# DVC Waitlist Gamble Question



## simon.fisher.2 (Apr 20, 2014)

Hey Tug'ers.... 

Neeeeeed some good advice. My Fiance and I are honeymooning in August at Disneyworld. Currently I have a deluxe studio at Bay Lake Tower for a week and then I have a Savannah view at AKV for 4 days. Back to back. I am wait listed for the entire duration of the stay at BLT. The only thing is that right now, there are 3 days available at BLT. Do I take a gamble and book the three and then waitlist the trip? If we don't get it, we will stay for 7 days. Move for a night.. then come back to BLT. Or... do I just waitlist the whole trip.. then if it works it works.. if it doesn't it doesnt.

*After the honeymoon we are going to sell our AKV resale and purchase a BLT resale with more points.* I love the proximity to the monorail with BLT. Makes getting in and out far easier than the buses at AKV. 

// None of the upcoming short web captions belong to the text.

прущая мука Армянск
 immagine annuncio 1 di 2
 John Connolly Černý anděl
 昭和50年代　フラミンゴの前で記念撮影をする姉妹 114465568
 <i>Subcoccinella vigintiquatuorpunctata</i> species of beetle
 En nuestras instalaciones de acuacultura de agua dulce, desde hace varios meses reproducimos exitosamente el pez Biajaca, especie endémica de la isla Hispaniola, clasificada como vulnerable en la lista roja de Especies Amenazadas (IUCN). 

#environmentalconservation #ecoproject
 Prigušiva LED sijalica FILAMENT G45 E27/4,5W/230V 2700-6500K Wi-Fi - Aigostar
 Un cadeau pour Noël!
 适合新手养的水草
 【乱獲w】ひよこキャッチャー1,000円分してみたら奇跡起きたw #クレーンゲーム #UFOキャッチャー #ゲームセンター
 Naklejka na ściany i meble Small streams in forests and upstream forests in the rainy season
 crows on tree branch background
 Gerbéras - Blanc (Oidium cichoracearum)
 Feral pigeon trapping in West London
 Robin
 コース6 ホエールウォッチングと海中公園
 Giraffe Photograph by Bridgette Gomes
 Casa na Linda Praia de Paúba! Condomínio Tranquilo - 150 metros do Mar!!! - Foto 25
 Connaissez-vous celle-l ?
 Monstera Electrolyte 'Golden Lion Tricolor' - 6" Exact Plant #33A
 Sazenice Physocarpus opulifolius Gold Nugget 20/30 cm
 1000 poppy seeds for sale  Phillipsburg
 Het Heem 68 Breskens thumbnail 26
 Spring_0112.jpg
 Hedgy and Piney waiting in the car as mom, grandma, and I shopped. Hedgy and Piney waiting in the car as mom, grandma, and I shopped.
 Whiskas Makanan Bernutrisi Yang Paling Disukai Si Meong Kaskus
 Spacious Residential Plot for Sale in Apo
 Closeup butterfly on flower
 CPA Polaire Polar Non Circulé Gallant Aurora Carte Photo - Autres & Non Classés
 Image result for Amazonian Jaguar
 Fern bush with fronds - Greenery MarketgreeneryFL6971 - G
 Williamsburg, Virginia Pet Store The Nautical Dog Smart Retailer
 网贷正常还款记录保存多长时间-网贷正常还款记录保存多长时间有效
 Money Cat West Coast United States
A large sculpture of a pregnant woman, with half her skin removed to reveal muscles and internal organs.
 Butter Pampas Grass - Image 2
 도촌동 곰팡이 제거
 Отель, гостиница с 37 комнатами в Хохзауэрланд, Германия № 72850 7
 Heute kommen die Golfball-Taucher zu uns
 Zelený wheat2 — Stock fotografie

You all are the best and I have sent many this way to TUG... I have been bit by the timeshare bug... my dad on the other hand refuses to buy resale.. but it it was it is... 

Thanks!


----------



## got4boys (Apr 20, 2014)

simon.fisher.2 said:


> Hey Tug'ers....
> 
> Neeeeeed some good advice. My Fiance and I are honeymooning in August at Disneyworld. Currently I have a deluxe studio at Bay Lake Tower for a week and then I have a Savannah view at AKV for 4 days. Back to back. I am wait listed for the entire duration of the stay at BLT. The only thing is that right now, there are 3 days available at BLT. Do I take a gamble and book the three and then waitlist the trip? If we don't get it, we will stay for 7 days. Move for a night.. then come back to BLT. Or... do I just waitlist the whole trip.. then if it works it works.. if it doesn't it doesnt.
> 
> ...



I would book the three days available at BLT and the days available at AKV. After you book that then, waitlist the rest at BLT to replace the reservation at AKV once it is fullfilled. I like split reservations for the Dining Plan. If you have Split reservations, you can do the Disney Dining Plan on one reservation and the Quick Service on the other.


----------